| Dataset records |
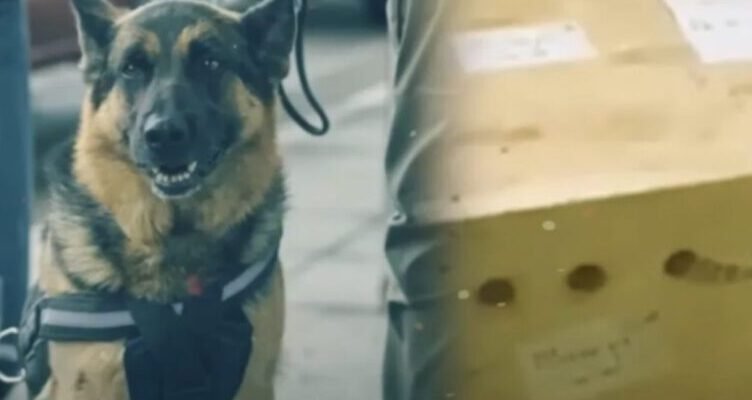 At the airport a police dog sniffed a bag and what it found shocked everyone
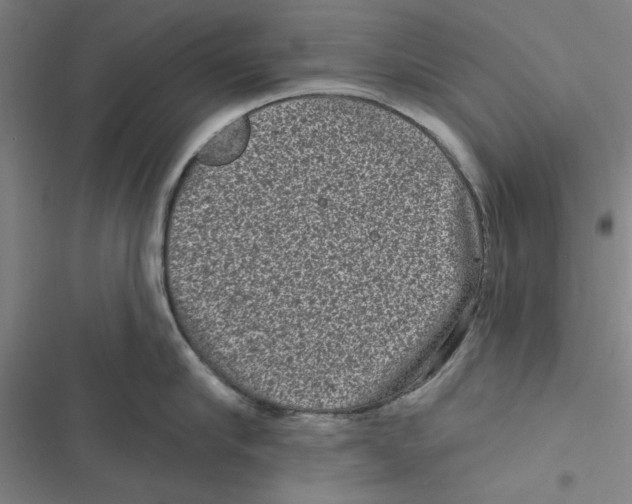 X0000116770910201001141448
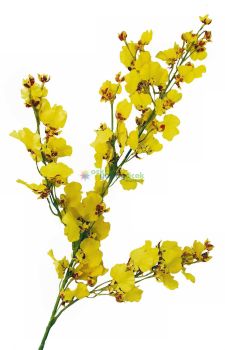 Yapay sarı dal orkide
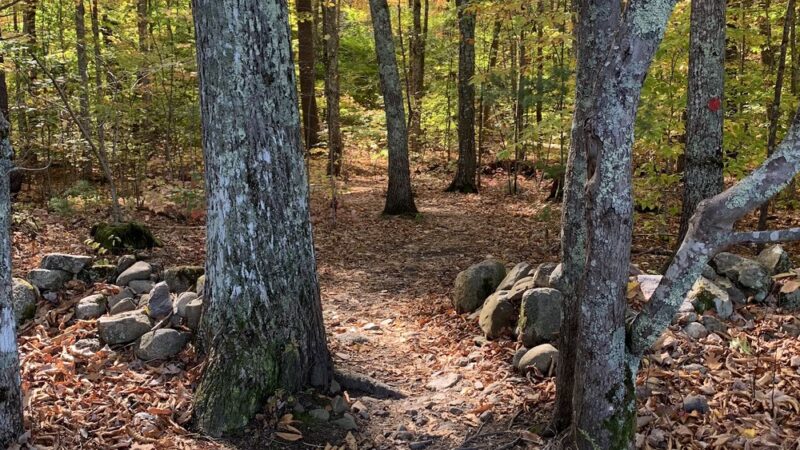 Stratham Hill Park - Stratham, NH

---

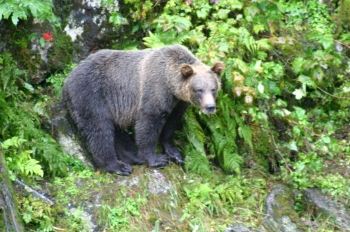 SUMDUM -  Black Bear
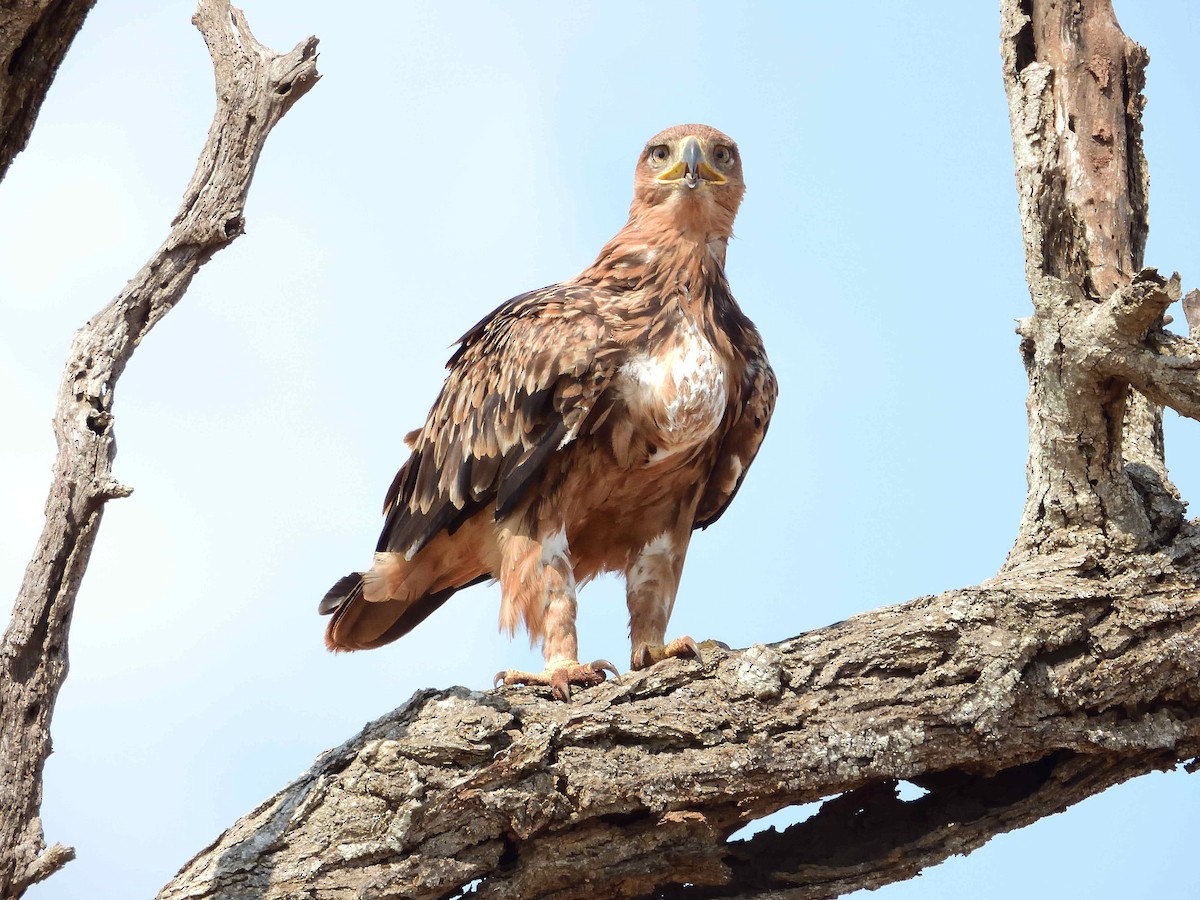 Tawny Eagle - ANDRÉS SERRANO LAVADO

...

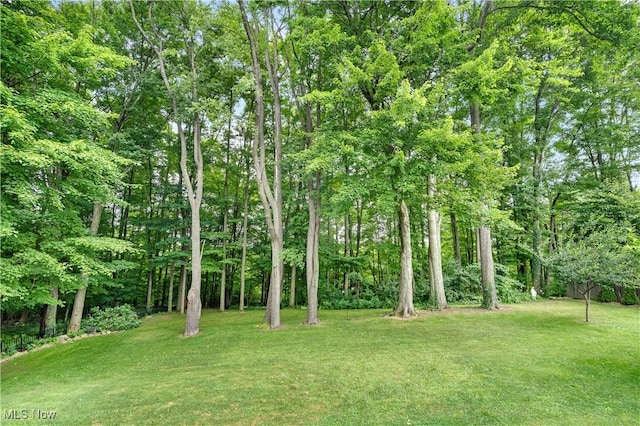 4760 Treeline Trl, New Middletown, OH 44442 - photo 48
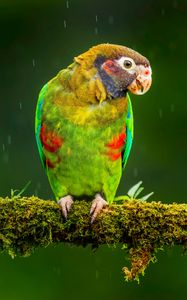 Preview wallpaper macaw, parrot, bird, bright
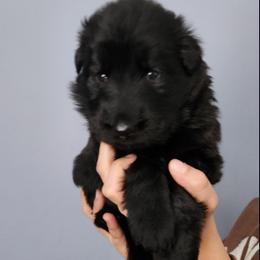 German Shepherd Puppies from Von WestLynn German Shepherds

| Task objective |
Nothing but the lines above from the line with "Yapay sarı dal orkide" up to and including the line with "Stratham Hill Park - Stratham, NH" should be returned, exactly as written and without pictures.

| Task solution |
 Yapay sarı dal orkide
 Stratham Hill Park - Stratham, NH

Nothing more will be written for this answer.